Walk the type hierarchy

raw/type-hierarchy expands supertypes and subtypes from a class or interface. direction picks the way:

  • SUPERTYPES — parents, interfaces, their ancestors
  • SUBTYPES — direct and transitive subclasses or implementors
  • BOTH — expand both ways from the root
Get supertypes and subtypes
kast rpc '{"jsonrpc":"2.0","id":1,"method":"raw/type-hierarchy","params":{"position":{"filePath":"/absolute/path/to/src/main/kotlin/com/shop/Greeter.kt","offset":45},"direction":"BOTH","depth":3}}'
type-hierarchy request
{
  "method": "raw/type-hierarchy",
  "id": 1,
  "jsonrpc": "2.0",
  "params": {
    "position": {
      "filePath": "/workspace/src/main/kotlin/com/shop/Greeter.kt",
      "offset": 45
    },
    "direction": "BOTH",
    "depth": 3,
    "maxResults": 50
  }
}
Natural-language prompt
Show me the full type hierarchy for the Greeter interface —
supertypes and subtypes.

The response is a tree rooted at the queried symbol.

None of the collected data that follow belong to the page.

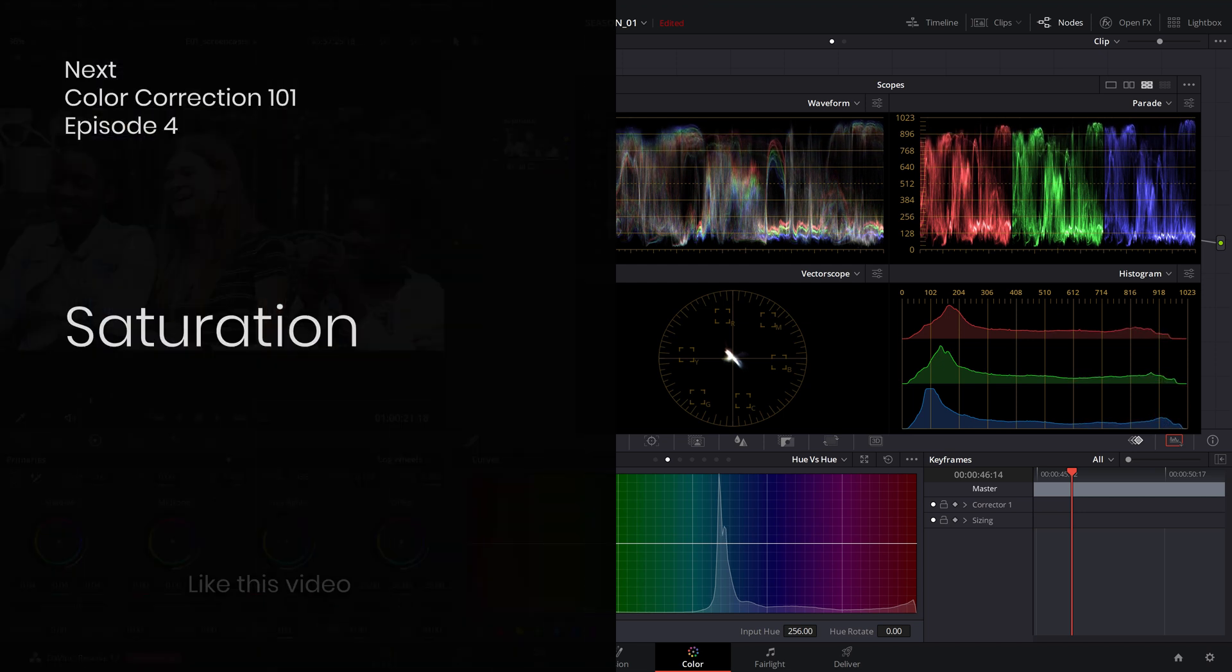In the next episode we'll learn how to add the right amount of saturation and tune in a healthy skin tone. Make sure you join and I'll see you next time!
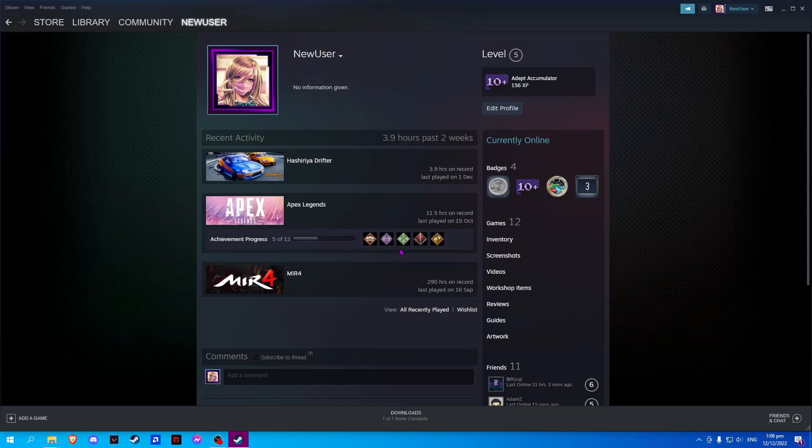Here we can see on our recent activity the last three games that we have played and the time that we have played them.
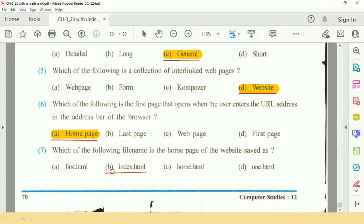The answer is option B: index.html. That is the correct answer.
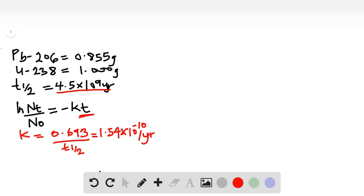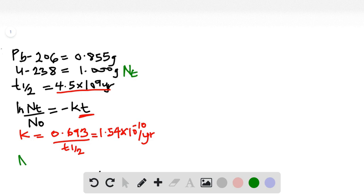We know that we have been given the current mass of uranium-238, which is 1.00 grams — this becomes Nt. The only way we can find N₀, the original mass, will be the current mass of uranium-238 plus the mass that has decayed into lead-206, which we can determine from the current mass of lead-206.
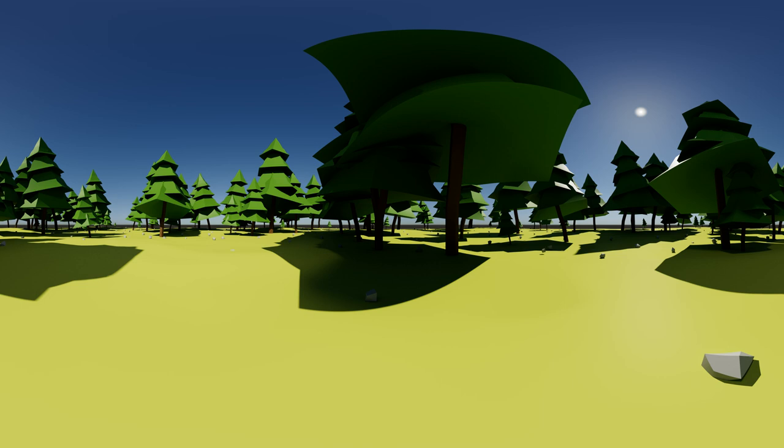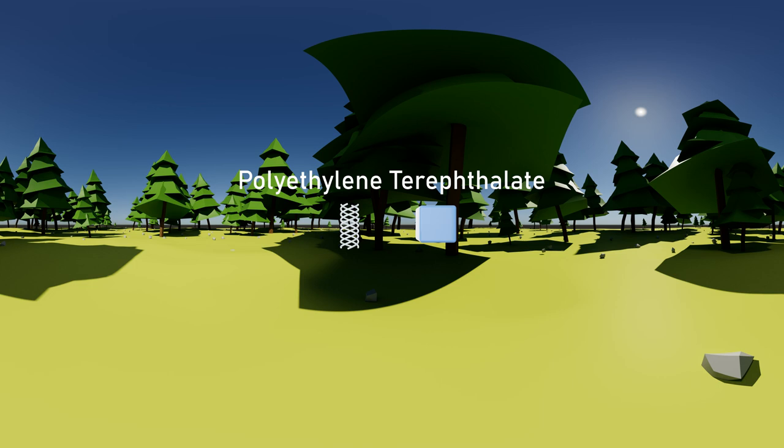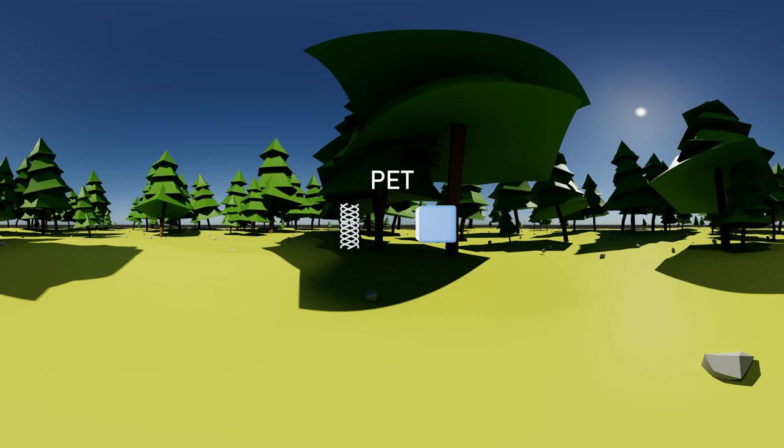This is a plastic bottle, and this is what it's made of. But we'll just call it PET, and despite being recyclable, can only be repurposed around three times.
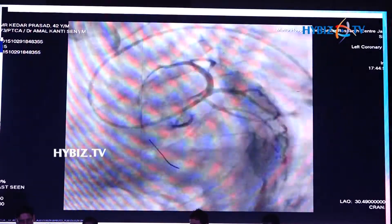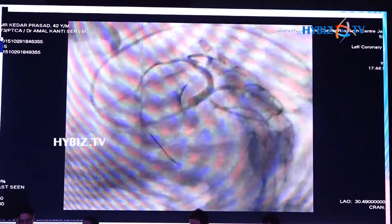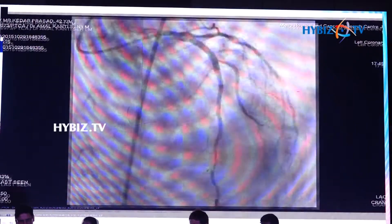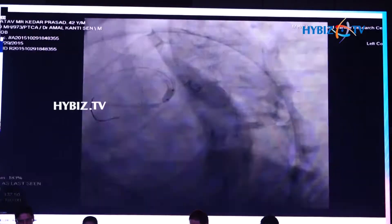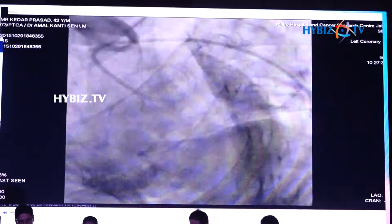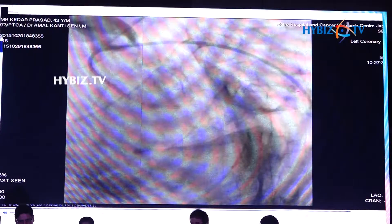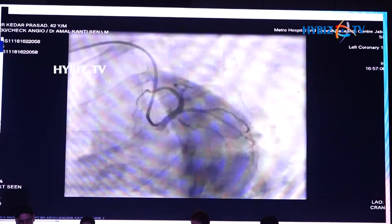The patient was still stable, so we thought about what to do. Then we did thrombosuction and tried to remove the clot. We also dilated that area to try to pinch the clot, but it still remained. We tried again and it remained.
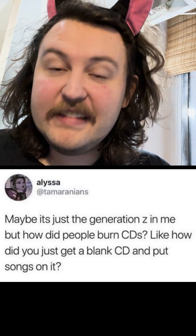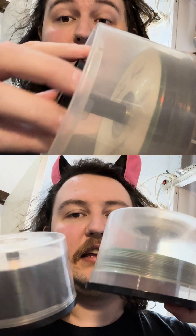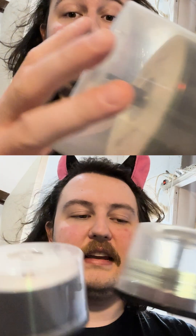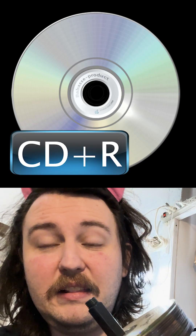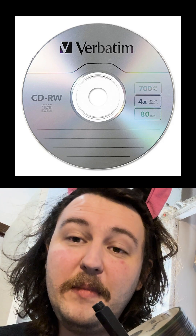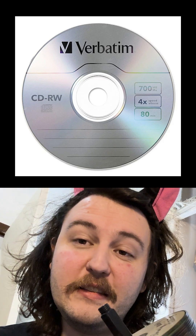I saw a tweet asking how did we used to burn CDs? So you would buy discs in little rings like this. The very confusing thing about blank CDs is they came as CD-R, CD+R, and CD-RW, and they all meant something different and they were all compatible sometimes with CD players or sometimes just computers.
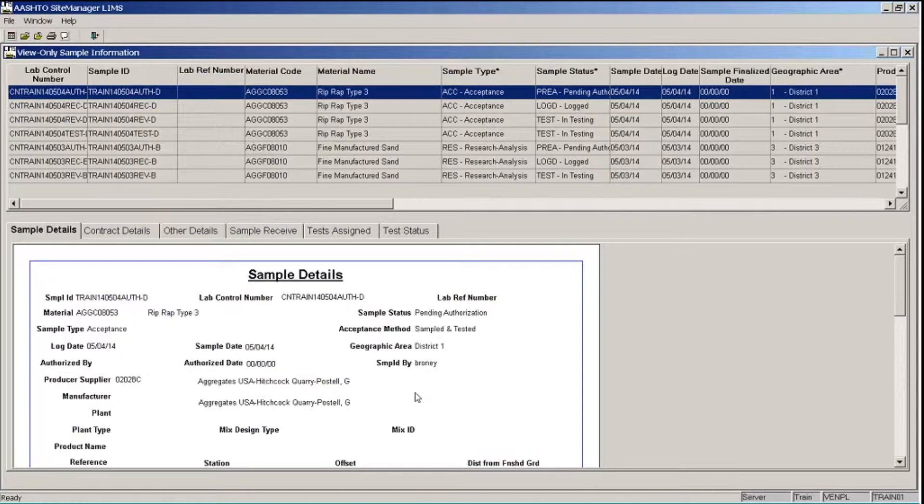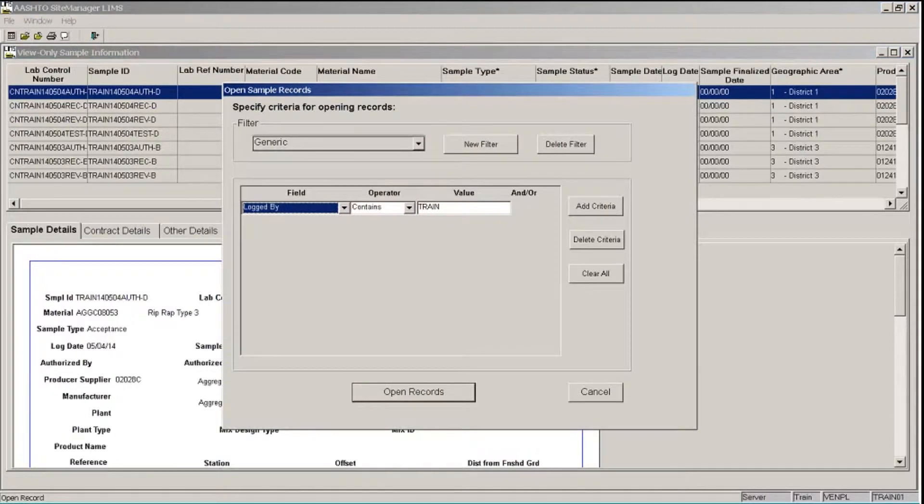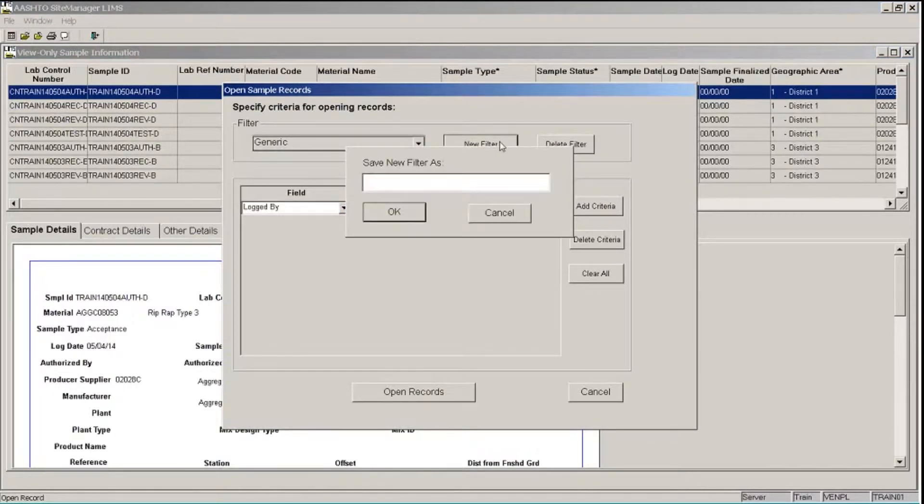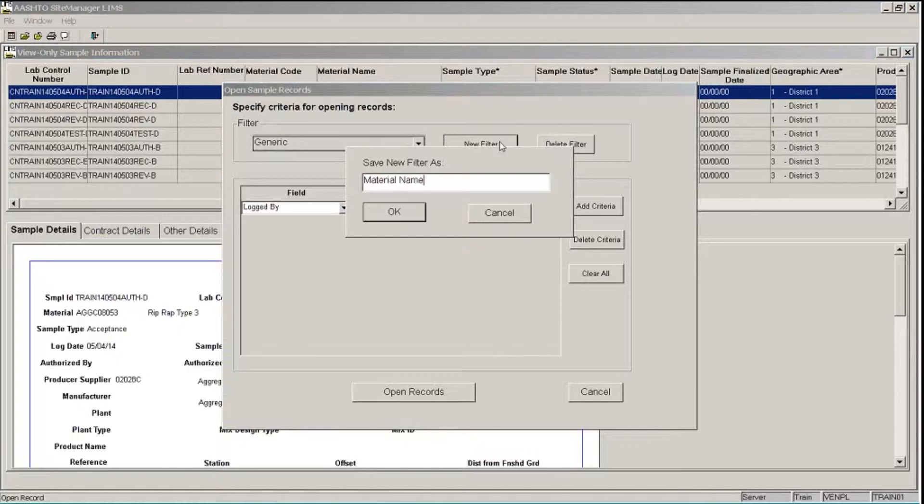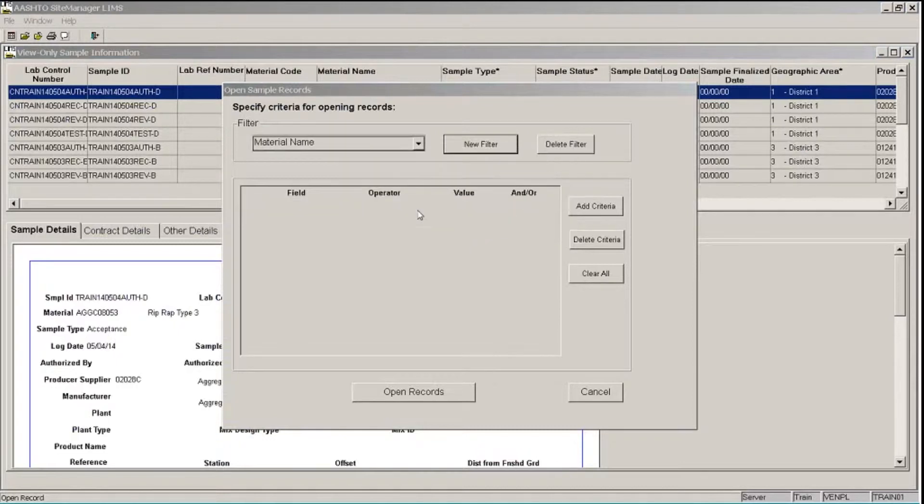Now you can also create and save filters for frequently used search criteria. So let's do that now. I'm going to click the Open button on the toolbar. And I'm going to click the New Filter button, which will bring up a box for us to define a name for our new filter that we're going to save. I'll type Material Name and click the OK button.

Supertypes sit in the supertypes array on each node; subtypes appear as children:

type-hierarchy response
{
  "root": {
    "symbol": {
      "fqName": "com.shop.FriendlyGreeter",
      "kind": "CLASS",
      "location": {
        "filePath": "/workspace/src/main/kotlin/com/shop/Greeter.kt",
        "startOffset": 45,
        "endOffset": 60,
        "startLine": 4,
        "startColumn": 12,
        "preview": "open class FriendlyGreeter : Greeter"
      },
      "containingDeclaration": "com.shop",
      "supertypes": ["com.shop.Greeter"]
    },
    "children": [
      {
        "symbol": {
          "fqName": "com.shop.Greeter",
          "kind": "INTERFACE",
          "location": {
            "filePath": "/workspace/src/main/kotlin/com/shop/Greeter.kt",
            "startOffset": 26,
            "endOffset": 33,
            "startLine": 3,
            "startColumn": 11,
            "preview": "interface Greeter"
          },
          "containingDeclaration": "com.shop"
        },
        "children": []
      },
      {
        "symbol": {
          "fqName": "com.shop.LoudGreeter",
          "kind": "CLASS",
          "location": {
            "filePath": "/workspace/src/main/kotlin/com/shop/Greeter.kt",
            "startOffset": 77,
            "endOffset": 88,
            "startLine": 5,
            "startColumn": 7,
            "preview": "class LoudGreeter : FriendlyGreeter()"
          },
          "containingDeclaration": "com.shop",
          "supertypes": ["com.shop.FriendlyGreeter"]
        },
        "children": []
      }
    ]
  },
  "stats": {
    "totalNodes": 3,
    "maxDepthReached": 1,
    "truncated": false
  },
  "schemaVersion": 3
}

stats.truncated is the one flag to watch. true means the tree is partial — raise depth or maxResults and re-run.